DIRECTIONS |
If a line below falls between the line with "Used 2018 Honda Odyssey Touring image 4" and the line with "Pavy Lounge Tea Room & Bar à Vin", or is one of those two, output it exactly; output nothing else and no pictures.

DATASET CONTENT |
__________

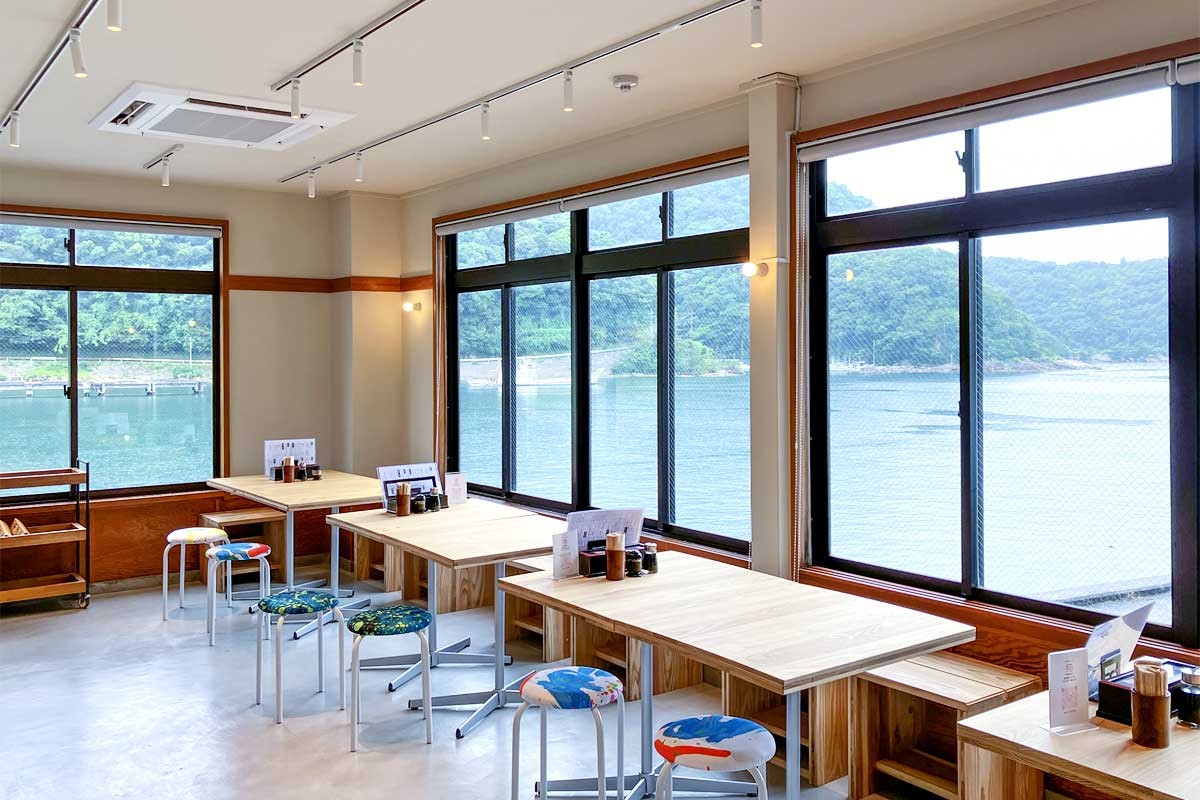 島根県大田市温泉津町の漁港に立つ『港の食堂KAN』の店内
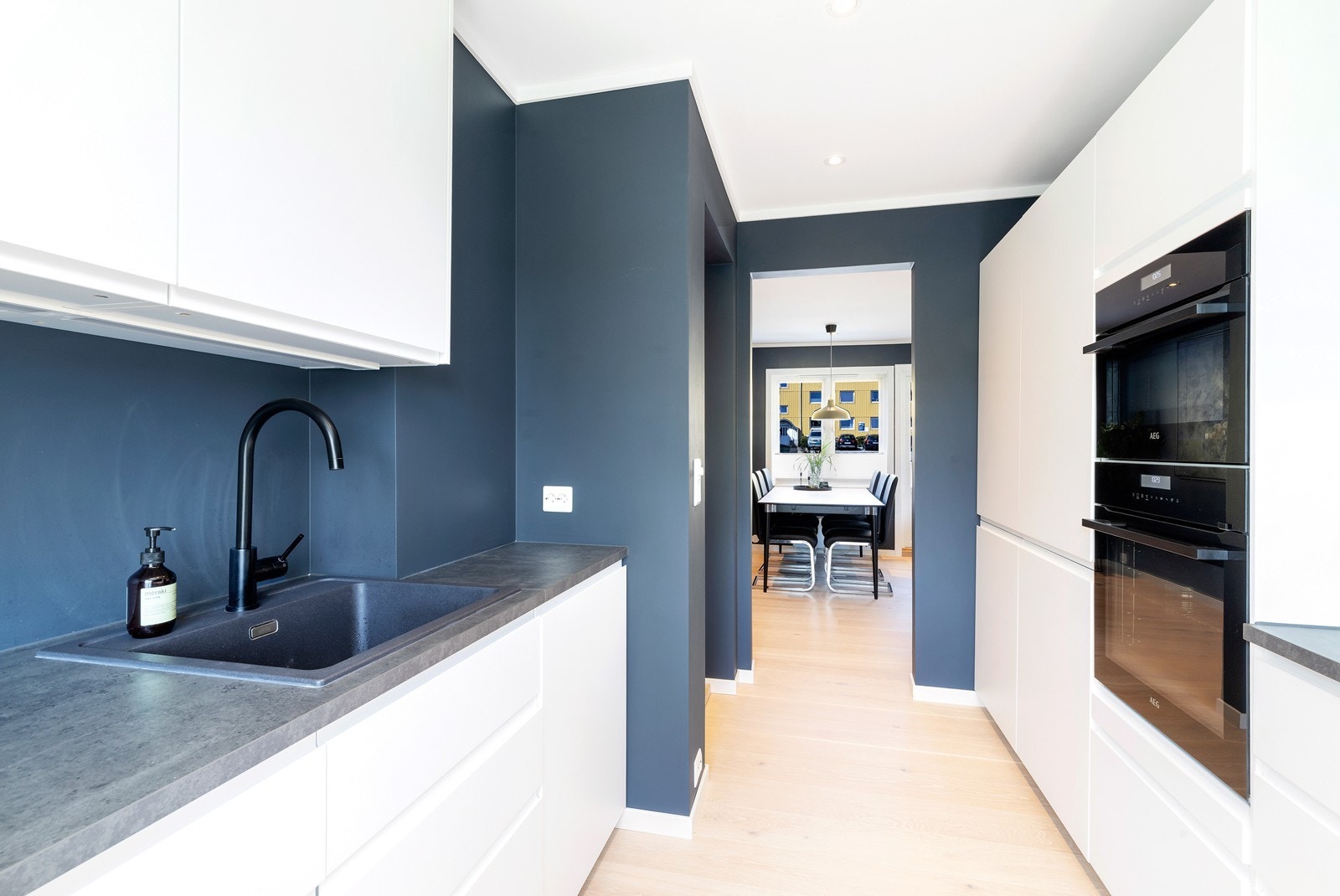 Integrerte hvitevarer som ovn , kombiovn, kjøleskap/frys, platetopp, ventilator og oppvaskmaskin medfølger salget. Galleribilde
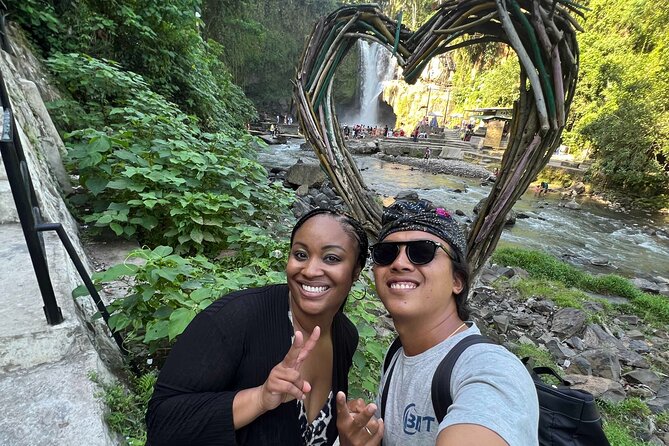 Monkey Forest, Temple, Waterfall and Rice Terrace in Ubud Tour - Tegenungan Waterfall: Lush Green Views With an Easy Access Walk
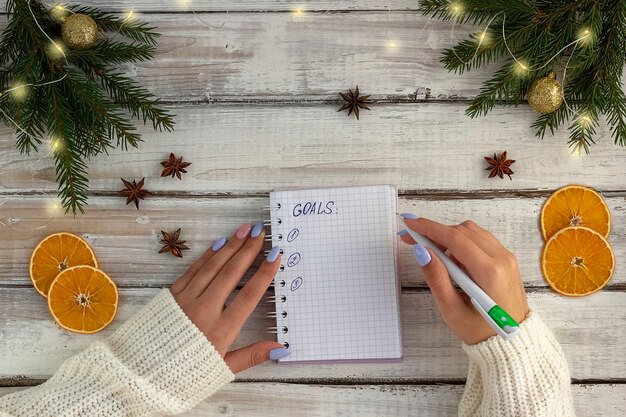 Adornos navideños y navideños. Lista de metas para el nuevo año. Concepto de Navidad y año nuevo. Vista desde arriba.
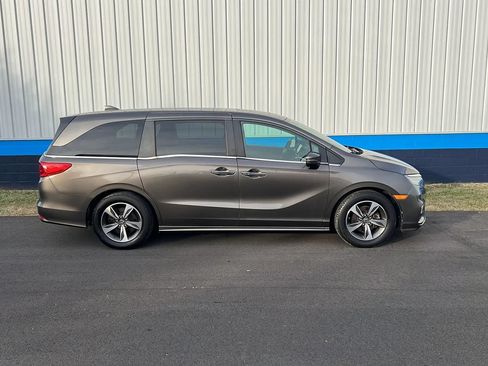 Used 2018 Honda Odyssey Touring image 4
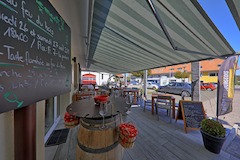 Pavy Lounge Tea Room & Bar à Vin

__________

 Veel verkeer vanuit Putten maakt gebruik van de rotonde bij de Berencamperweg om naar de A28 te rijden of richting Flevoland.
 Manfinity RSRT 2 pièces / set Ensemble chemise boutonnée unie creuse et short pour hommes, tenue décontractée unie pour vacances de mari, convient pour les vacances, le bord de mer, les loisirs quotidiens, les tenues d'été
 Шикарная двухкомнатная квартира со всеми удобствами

__________

TASK RESPONSE |
 Used 2018 Honda Odyssey Touring image 4
 Pavy Lounge Tea Room & Bar à Vin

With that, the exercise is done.